The Omnova press release containing the announcement says the company has sold equipment, trademarks, contracts and other assets to J. Josephson, Inc., a private wall covering producer based in South Hackensack, N.J. Sandi Noah, communications director with Omnova, said the company has not sold the plant building and site itself, and Omnova’s distribution operations will continue there even after manufacturing has concluded.
“We will continue to manufacture wall coverings for a period of about 12-15 months,” Noah said. “During that time, (J. Josephson, Inc. will) be transitioning some of the smaller portions of the equipment to their plant in New Jersey. At the end of that 12-15 month transition, manufacturing at the plant will conclude.”
Joe Max Higgins, CEO of the Columbus-Lowndes Development LINK, said Omnova’s Columbus operation currently employs 225 people, and the end of manufacturing there will cost Columbus and Lowndes County significant tax dollars.
“I would expect a big chunk of the jobs will be phased out with manufacturing,” Higgins said. “That’s going to have an adverse impact.”
Noah said she had no exact numbers for work force reduction yet.

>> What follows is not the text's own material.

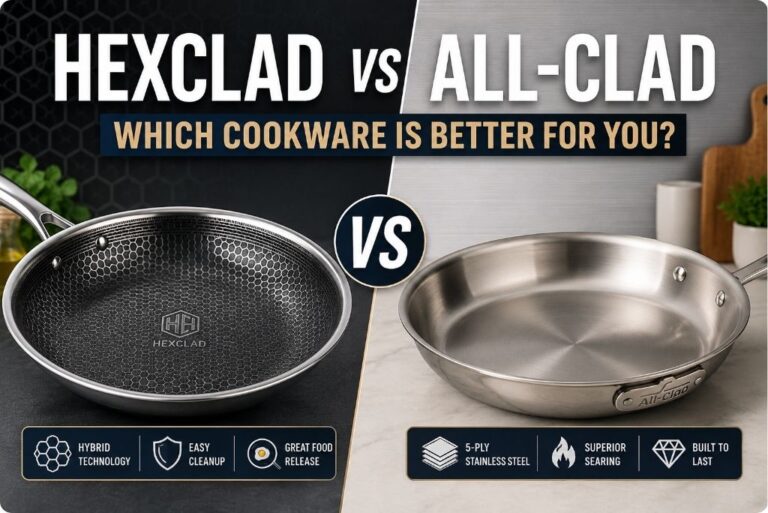 HexClad vs All-Clad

“The total number of employees that will be (impacted) is likely to be significant,” Noah said. “That will depend on market conditions for our ongoing distribution operations once the manufacturing transition has ended. That will (determine) the size of the force we’ll need in our ongoing distribution operation.
“This was not an easy decision for us,” Noah added. “Omnova has been part of Columbus since 1963, when we first started producing commercial wall coverings there. This is very difficult for all of our Columbus employees since they’re all dedicated, hard-working people who have done their very best to try to make the plant successful.”

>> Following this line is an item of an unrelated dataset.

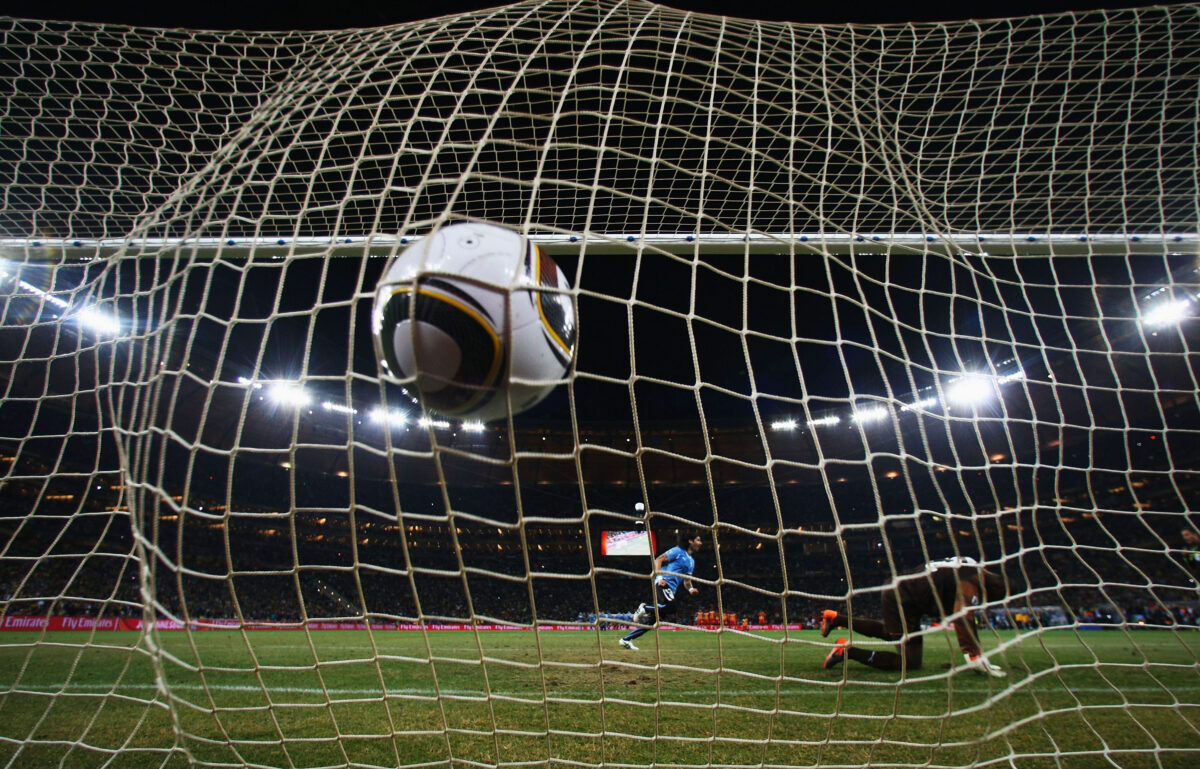 Uruguay v Ghana: 2010 FIFA World Cup - Quarter Finals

Once the manufacturing operation has vacated the facility, Noah said, it remains to be seen how its former space will be used.
“There will continue to be space there that will be a prime location for another manufacturer or (business) to move in,” Noah said. “I would think that another manufacturer could start operations very easily.”

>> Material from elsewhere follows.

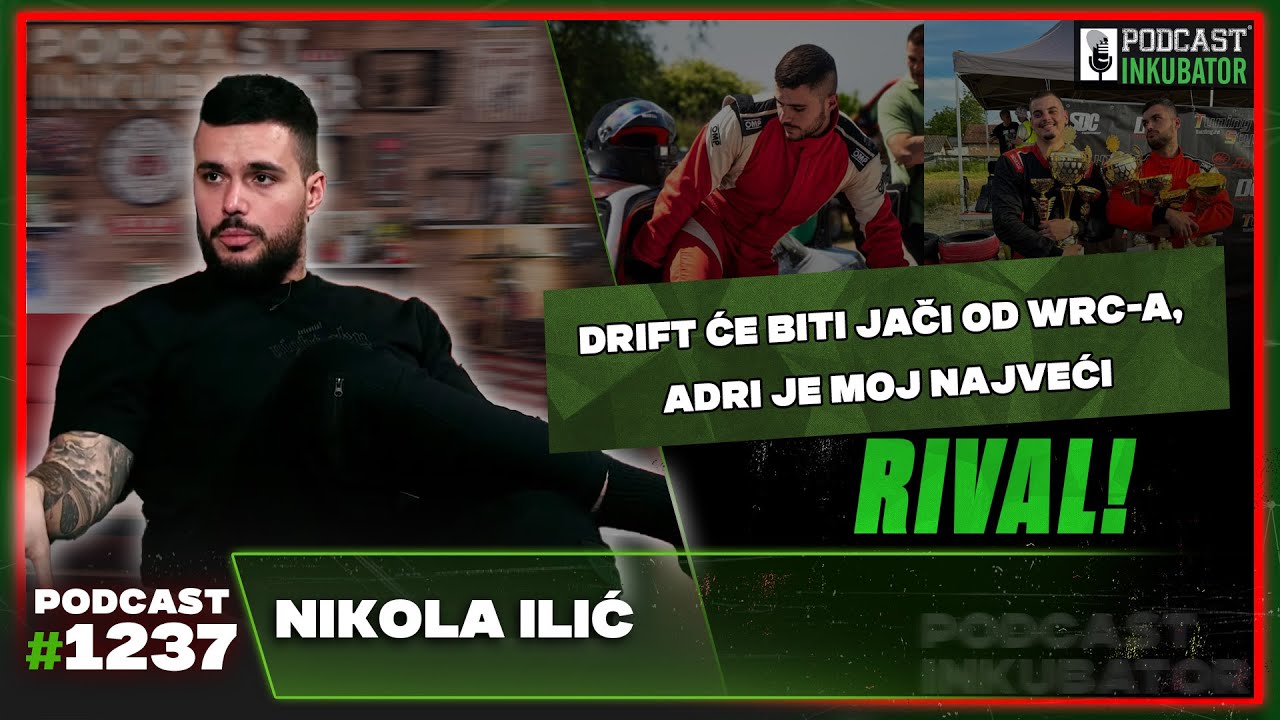 Podcast Inkubator #1237 - Marko i Debeli (Nikola Ilić)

Higgins said Omnova has approached Columbus-Lowndes LINK about marketing the vacated manufacturing space to other manufacturers.
“We have said ‘Yes,’” Higgins said. “(We will recruit a new tenant) just like we recruited $4.4 billion worth of deals in the past eight and a half years.”
Approximately 170 members of United Steelworkers employed by Omnova in Columbus have been on strike since May 2010, but Noah said the long strike did not cause the sale.
“It really has to do with the commercial wall covering market,” Noah said. “Just like residential construction, commercial construction has been very slow over the past several years. We really needed to consolidate, and that’s what prompted the sale.”
In the press release, Kevin McMullen, Omnova Solutions chairman and CEO, also said market issues prompted the sale. He said the sale will enable the company to refocus on its chemical manufacturing business.
“The North American commercial wall-covering market has experienced a prolonged weakness in demand, exacerbated by the multi-year downturn in construction, and is down 50-60 percent from pre-recession highs,” McMullen said. “It was clear that consolidation was necessary for the long-term vitality of the commercial wall-covering industry.”
Higgins said he questioned Omnova’s official stance on the rationale behind the sale.
“I personally believe that the strike had to have had some impact on their decision,” Higgins said. “I do think that the company being on strike and the National Labor Relations Board not being able to give them a ruling had to have had some kind of impact on their decision, maybe not the deciding impact, but some impact.”